--- INPUT ---
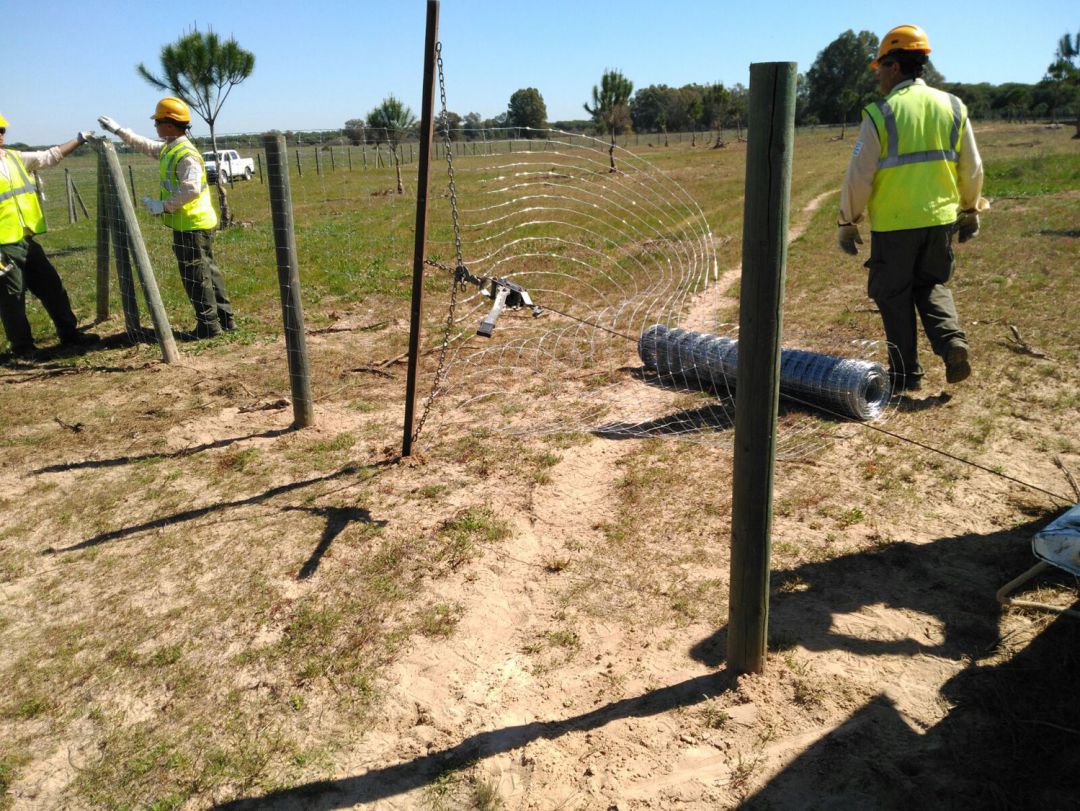 Operarios en Doñana. Operarios en Doñana.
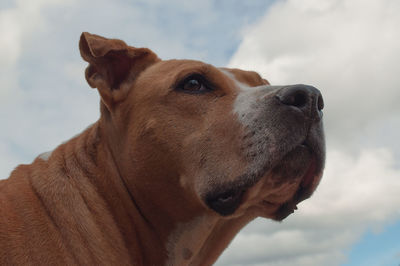 Close-up of a dog looking away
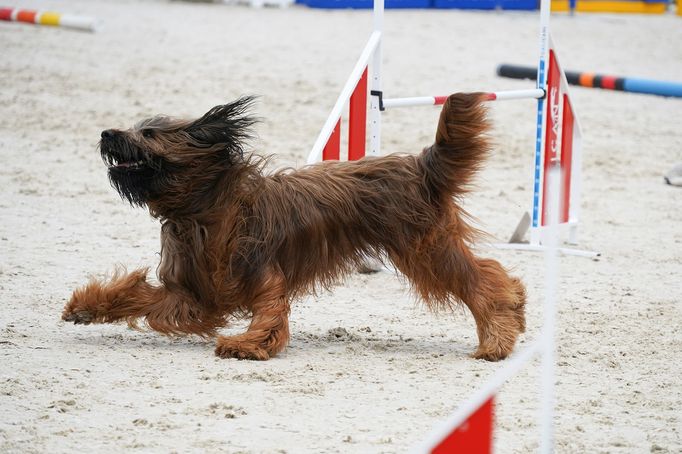 Mezinárodní kynologické závody Prague Agility Party 2022, závodiště Velká Chuchle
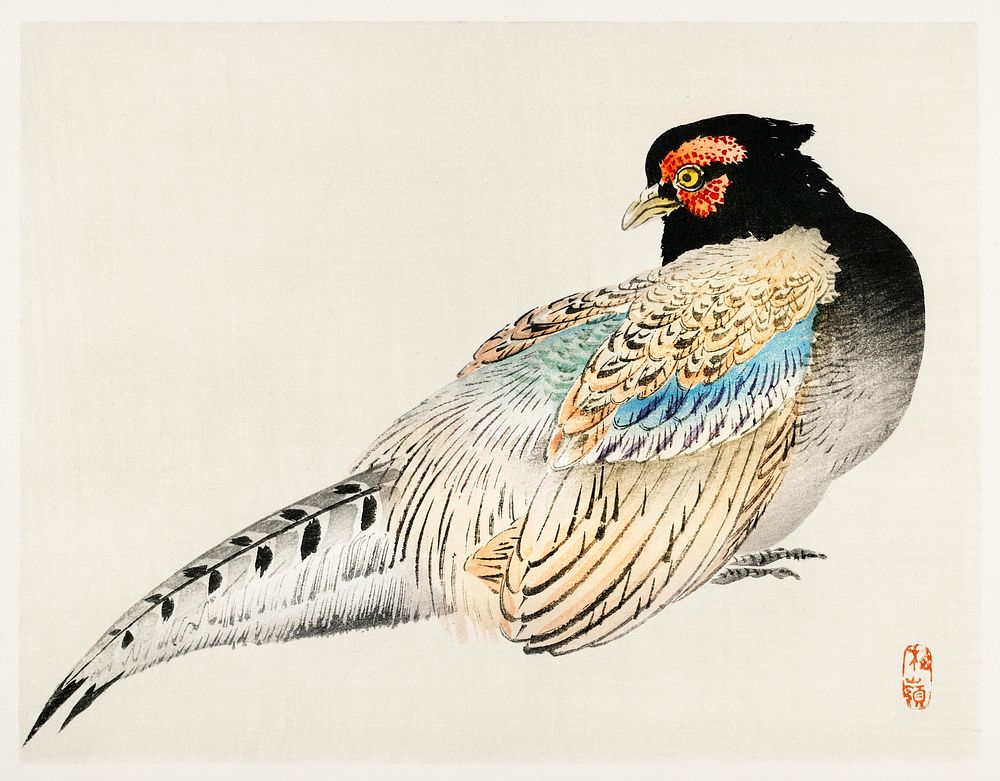 Peregrine falcon by Kōno Bairei (1844-1895). Digitally enhanced from our own original 1913 edition of Barei Gakan. 
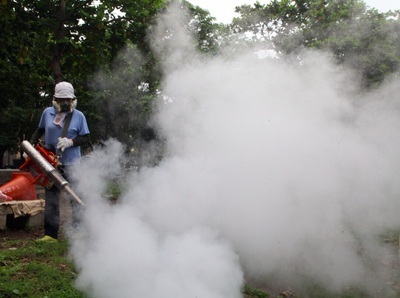 La fièvre Dengue n’est toujours pas maîtrisée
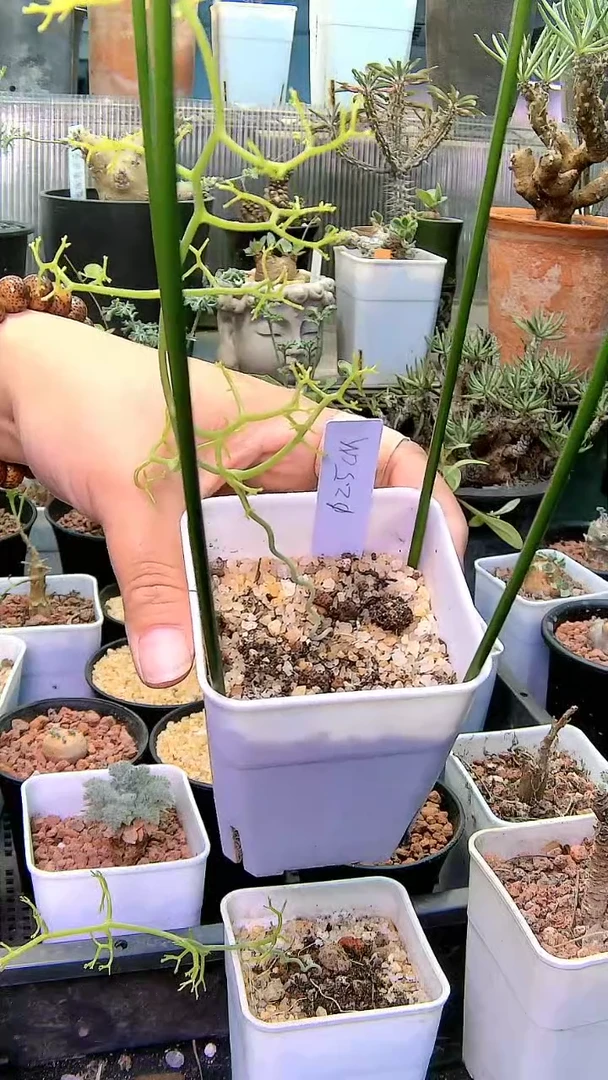 【闪购商品】鹿角仓角殿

--- REQUIREMENT ---
Exact text is required for the lines from the one with "Peregrine falcon by" through the last line of the entries, both included. Omit pictures.

--- EXERCISE SOLUTION ---
 Peregrine falcon by Kōno Bairei (1844-1895). Digitally enhanced from our own original 1913 edition of Barei Gakan. 
 La fièvre Dengue n’est toujours pas maîtrisée
 【闪购商品】鹿角仓角殿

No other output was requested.